Maile Colbert: composer, conductor; Ian Colbert: poetry; Tellemake: electronics; Rui Costa: electronics; Gabriella Crowe, voice; Jessica Constable: voice; Olivia Block: visual material (in the live setting)
A “romantically coherent” woman in operational mode across overlapping areas of aesthetic manifestation, Maile Colbert explains Come Kingdom Come as a correspondence of sorts between the last two turns of millennium, as the wrong conception of mankind members as self-believed deciding factors in a life’s course becomes the reminder of a contemptible illusion of ascendancy on their close surroundings (and beyond, I should add). The live performance is enriched by Block’s experimental photographic artistry – a short sampling can be seen here – yet the CD alone warrants plenty of semi-clandestine emotions. Quasi-mystic music replete with fleeting communications and unusual signals integrated with verses penned by Colbert’s brother Ian and poly-idiomatic lyrics mostly sung by Crowe with an appreciably unostentatious tone, a welcome decency defining a quietly significant acoustic milieu.
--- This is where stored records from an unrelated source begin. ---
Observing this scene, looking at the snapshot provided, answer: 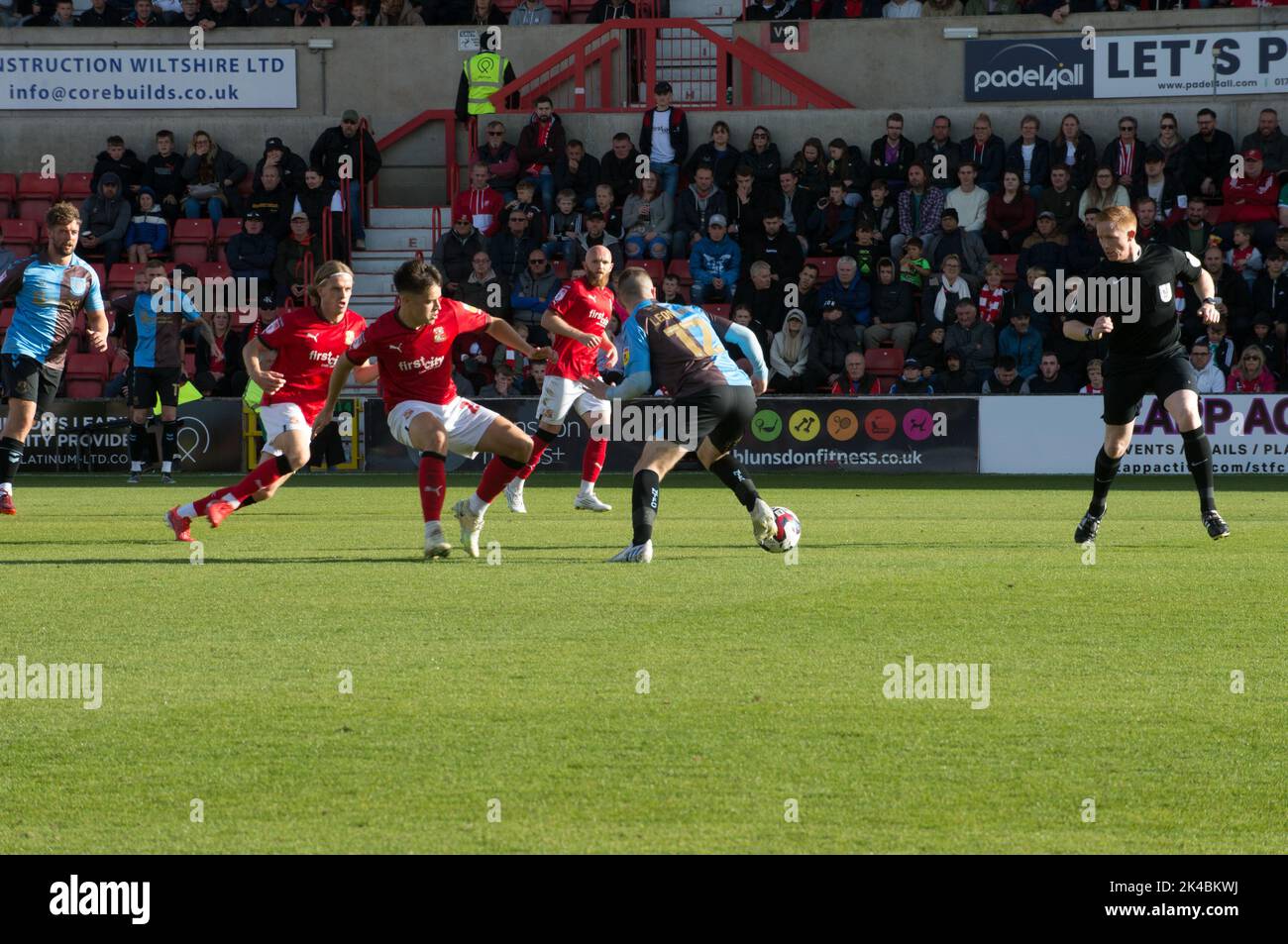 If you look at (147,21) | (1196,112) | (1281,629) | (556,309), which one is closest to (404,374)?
(556,309)

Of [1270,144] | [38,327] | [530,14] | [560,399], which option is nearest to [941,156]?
[1270,144]

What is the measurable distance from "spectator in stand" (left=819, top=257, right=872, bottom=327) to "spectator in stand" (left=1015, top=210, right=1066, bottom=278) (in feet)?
6.96

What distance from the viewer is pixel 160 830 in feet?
15.3

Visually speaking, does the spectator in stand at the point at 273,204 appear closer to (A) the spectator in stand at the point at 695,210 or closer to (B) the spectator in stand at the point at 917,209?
(A) the spectator in stand at the point at 695,210

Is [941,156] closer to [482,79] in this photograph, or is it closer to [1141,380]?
[482,79]

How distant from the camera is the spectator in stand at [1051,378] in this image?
21.9m

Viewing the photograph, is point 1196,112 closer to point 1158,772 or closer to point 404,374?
point 404,374

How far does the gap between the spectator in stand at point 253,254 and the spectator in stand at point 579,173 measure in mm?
4397

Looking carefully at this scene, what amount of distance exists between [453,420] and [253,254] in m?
14.6

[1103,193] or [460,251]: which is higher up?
[1103,193]

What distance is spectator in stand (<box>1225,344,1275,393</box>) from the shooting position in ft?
68.9

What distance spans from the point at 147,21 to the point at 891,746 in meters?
26.8

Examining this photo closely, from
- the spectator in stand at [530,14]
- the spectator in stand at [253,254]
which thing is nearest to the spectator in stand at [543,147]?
the spectator in stand at [530,14]

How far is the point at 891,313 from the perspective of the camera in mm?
23422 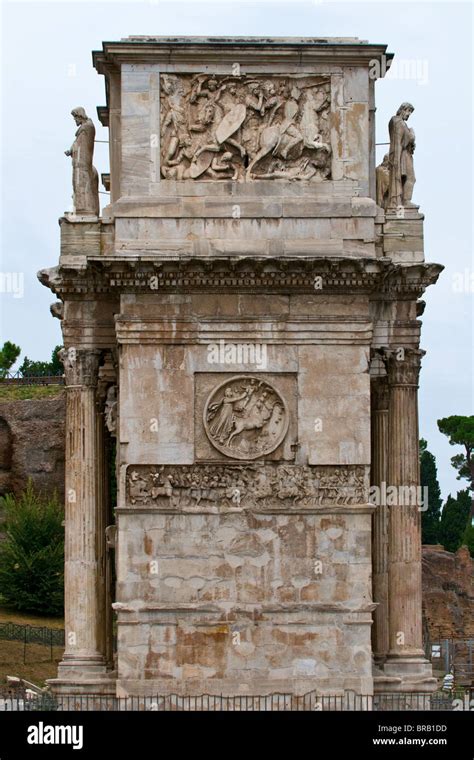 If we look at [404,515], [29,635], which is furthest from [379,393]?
[29,635]

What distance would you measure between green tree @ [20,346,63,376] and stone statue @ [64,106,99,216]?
2168 inches

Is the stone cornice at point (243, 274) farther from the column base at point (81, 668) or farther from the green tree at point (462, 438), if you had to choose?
the green tree at point (462, 438)

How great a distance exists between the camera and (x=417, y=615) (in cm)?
3603

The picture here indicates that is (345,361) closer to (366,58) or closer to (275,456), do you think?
(275,456)

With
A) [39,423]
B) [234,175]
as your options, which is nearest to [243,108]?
[234,175]

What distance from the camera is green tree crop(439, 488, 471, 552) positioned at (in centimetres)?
9544

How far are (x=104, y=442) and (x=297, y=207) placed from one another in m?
5.23

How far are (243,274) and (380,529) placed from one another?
505 cm

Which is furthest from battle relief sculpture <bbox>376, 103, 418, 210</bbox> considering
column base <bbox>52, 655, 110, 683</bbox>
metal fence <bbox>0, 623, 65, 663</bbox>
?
metal fence <bbox>0, 623, 65, 663</bbox>

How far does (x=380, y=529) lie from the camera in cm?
3641

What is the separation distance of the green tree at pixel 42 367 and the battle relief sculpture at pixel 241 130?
56247mm

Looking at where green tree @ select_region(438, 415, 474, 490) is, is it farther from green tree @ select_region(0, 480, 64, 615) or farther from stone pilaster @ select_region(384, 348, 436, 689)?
stone pilaster @ select_region(384, 348, 436, 689)

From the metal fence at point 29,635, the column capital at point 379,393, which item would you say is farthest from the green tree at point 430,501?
the column capital at point 379,393

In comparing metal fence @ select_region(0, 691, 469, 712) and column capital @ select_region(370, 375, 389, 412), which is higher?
column capital @ select_region(370, 375, 389, 412) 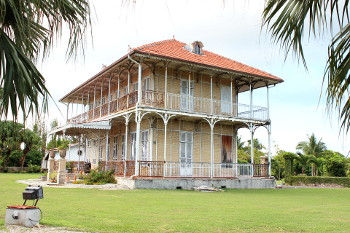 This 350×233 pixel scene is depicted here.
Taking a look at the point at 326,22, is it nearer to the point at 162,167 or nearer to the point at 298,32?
the point at 298,32

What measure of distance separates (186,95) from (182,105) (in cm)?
126

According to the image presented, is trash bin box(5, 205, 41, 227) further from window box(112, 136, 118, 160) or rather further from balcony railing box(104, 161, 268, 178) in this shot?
window box(112, 136, 118, 160)

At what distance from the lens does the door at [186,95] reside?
20875 mm

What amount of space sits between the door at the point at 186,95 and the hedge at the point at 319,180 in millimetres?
12333

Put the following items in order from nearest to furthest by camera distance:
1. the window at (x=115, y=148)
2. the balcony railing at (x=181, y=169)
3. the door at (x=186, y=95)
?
1. the balcony railing at (x=181, y=169)
2. the door at (x=186, y=95)
3. the window at (x=115, y=148)

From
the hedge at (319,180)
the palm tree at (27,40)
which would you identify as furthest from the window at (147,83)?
the palm tree at (27,40)

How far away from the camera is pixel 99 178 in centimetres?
1945

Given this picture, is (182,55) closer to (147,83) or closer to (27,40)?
(147,83)

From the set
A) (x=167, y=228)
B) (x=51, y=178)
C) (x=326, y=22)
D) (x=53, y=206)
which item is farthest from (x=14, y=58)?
(x=51, y=178)

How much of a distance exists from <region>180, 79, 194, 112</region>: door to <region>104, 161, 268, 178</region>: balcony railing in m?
3.11

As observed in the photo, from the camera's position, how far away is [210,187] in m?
18.3

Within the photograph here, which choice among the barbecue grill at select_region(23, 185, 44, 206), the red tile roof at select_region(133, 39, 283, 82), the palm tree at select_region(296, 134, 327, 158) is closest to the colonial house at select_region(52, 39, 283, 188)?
the red tile roof at select_region(133, 39, 283, 82)

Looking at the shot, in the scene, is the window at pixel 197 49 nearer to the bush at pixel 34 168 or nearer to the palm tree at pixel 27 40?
the palm tree at pixel 27 40

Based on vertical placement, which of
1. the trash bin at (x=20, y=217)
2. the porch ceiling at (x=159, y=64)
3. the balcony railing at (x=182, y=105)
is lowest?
the trash bin at (x=20, y=217) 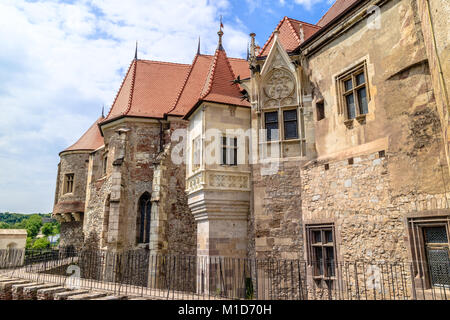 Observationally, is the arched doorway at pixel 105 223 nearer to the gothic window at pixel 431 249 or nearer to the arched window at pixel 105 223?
the arched window at pixel 105 223

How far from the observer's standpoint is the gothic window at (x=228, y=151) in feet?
43.6

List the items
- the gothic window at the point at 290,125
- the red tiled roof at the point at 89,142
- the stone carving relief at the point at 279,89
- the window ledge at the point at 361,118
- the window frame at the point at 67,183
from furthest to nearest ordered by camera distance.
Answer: the red tiled roof at the point at 89,142 < the window frame at the point at 67,183 < the stone carving relief at the point at 279,89 < the gothic window at the point at 290,125 < the window ledge at the point at 361,118

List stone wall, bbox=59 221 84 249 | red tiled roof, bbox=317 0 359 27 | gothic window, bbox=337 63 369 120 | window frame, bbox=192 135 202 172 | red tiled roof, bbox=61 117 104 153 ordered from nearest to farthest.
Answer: gothic window, bbox=337 63 369 120 < red tiled roof, bbox=317 0 359 27 < window frame, bbox=192 135 202 172 < stone wall, bbox=59 221 84 249 < red tiled roof, bbox=61 117 104 153

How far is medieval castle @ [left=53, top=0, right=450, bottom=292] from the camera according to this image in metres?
7.68

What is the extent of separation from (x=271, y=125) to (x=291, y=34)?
14.0 ft

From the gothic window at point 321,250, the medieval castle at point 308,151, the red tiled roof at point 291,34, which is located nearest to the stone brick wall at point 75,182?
the medieval castle at point 308,151

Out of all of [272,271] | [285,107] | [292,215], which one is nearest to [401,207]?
[292,215]

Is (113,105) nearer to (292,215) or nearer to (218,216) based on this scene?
(218,216)

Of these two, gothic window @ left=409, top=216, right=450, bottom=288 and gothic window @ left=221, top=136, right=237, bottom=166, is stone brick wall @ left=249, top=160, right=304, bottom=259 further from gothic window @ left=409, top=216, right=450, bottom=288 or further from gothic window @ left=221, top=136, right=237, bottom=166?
gothic window @ left=409, top=216, right=450, bottom=288

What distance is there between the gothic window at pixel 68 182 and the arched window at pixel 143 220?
10.00 m

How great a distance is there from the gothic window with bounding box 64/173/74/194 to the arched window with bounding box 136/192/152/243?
9995 millimetres

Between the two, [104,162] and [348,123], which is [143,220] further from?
[348,123]

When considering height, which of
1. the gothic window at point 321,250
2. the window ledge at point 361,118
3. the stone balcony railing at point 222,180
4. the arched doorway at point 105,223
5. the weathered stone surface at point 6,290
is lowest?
the weathered stone surface at point 6,290

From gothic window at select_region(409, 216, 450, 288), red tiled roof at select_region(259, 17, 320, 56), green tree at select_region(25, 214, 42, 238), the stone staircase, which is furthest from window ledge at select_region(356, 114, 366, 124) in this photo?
green tree at select_region(25, 214, 42, 238) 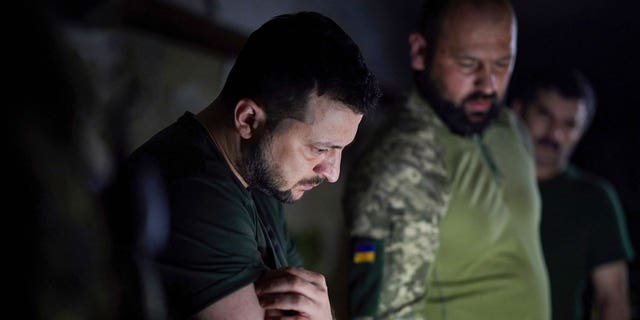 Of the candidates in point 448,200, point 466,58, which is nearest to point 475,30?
point 466,58

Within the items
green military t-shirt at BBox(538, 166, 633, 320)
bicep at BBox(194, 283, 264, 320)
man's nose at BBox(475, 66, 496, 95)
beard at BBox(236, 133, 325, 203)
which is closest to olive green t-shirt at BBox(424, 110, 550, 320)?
man's nose at BBox(475, 66, 496, 95)

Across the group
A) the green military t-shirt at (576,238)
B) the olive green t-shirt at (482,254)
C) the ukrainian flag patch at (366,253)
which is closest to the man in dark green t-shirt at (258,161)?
the ukrainian flag patch at (366,253)

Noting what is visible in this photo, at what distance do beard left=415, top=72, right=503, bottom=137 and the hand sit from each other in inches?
27.9

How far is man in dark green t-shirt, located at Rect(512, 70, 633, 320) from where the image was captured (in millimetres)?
1698

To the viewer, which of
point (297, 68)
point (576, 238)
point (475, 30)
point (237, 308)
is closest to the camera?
point (237, 308)

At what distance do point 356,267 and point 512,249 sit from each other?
351 mm

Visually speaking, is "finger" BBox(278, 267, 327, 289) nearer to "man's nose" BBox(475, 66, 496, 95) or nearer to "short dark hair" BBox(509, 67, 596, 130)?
"man's nose" BBox(475, 66, 496, 95)

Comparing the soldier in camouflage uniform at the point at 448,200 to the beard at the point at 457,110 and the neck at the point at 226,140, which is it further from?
the neck at the point at 226,140

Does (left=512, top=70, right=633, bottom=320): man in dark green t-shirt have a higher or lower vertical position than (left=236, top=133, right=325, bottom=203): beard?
lower

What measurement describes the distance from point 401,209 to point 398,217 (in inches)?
0.7

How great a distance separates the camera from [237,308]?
677mm

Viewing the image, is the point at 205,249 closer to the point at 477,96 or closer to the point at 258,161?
the point at 258,161

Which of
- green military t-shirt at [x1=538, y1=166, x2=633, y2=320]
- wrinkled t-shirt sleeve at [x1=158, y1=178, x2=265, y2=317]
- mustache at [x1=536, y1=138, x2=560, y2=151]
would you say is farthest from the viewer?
mustache at [x1=536, y1=138, x2=560, y2=151]

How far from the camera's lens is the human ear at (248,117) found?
802 mm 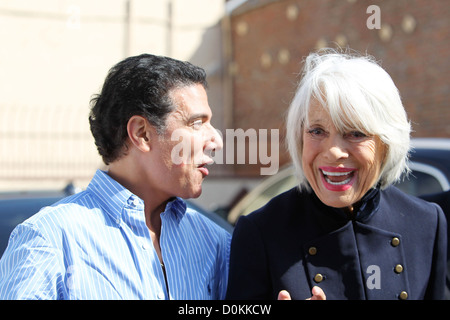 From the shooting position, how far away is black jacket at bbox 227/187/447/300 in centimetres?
206

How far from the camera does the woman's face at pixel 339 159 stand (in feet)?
6.57

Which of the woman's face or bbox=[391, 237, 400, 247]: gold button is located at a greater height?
the woman's face

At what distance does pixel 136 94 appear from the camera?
207cm

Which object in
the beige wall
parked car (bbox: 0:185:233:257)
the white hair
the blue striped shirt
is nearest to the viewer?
the blue striped shirt

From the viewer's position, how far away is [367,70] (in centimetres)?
204

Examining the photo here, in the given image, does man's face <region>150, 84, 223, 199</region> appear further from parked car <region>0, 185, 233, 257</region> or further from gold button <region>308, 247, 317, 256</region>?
parked car <region>0, 185, 233, 257</region>

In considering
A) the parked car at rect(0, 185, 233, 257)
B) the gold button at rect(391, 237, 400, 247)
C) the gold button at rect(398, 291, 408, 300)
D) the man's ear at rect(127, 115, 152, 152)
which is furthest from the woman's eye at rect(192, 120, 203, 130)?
the parked car at rect(0, 185, 233, 257)

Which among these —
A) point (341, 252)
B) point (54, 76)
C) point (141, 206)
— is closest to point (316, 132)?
point (341, 252)

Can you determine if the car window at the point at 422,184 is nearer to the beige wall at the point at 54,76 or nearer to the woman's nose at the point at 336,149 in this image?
the woman's nose at the point at 336,149

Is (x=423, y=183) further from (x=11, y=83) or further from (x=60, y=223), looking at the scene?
(x=11, y=83)

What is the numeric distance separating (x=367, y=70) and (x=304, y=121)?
0.88 feet

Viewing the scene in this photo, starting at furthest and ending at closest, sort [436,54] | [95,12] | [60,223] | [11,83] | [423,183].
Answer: [95,12] < [11,83] < [436,54] < [423,183] < [60,223]

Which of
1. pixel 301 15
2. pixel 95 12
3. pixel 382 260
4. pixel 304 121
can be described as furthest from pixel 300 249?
pixel 95 12

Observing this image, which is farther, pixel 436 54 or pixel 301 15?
pixel 301 15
The voice’s cardinal role does not detract from superbly exercised electronic makeups, the harmonic laws ruling this fictional microcosm reconfigured and frequently misshapen. The sounds may appear tactile, melted or just damaged according to what the score (mainly based on the Book Of Revelation) requires at a given juncture. Unclear location frequencies attributable to the aftermath of serious cosmological modifications (tsunamis, earthquakes, the desolate silence around Chernobyl, a sun storm hitting the magnetosphere, plus echoes of local faunas) improve a textural hypothesis that embraces both the composer’s consciousness and unwilled hints. For example, in one of the most riveting tracks on offer – “Act Three, Day From Arrival” – the processing of reiterative vocal snippets originates an involuntary callback of Akira Rabelais’ glorious Spellewauerynsherde. However, this work is not a mere container of symbols of causation. On the contrary, it’s a brilliant exhibit of Colbert’s capacity of turning potentially misrepresented human issues into something evoking the aching delight of intensity, remaining wordlessly mesmerized in the meantime.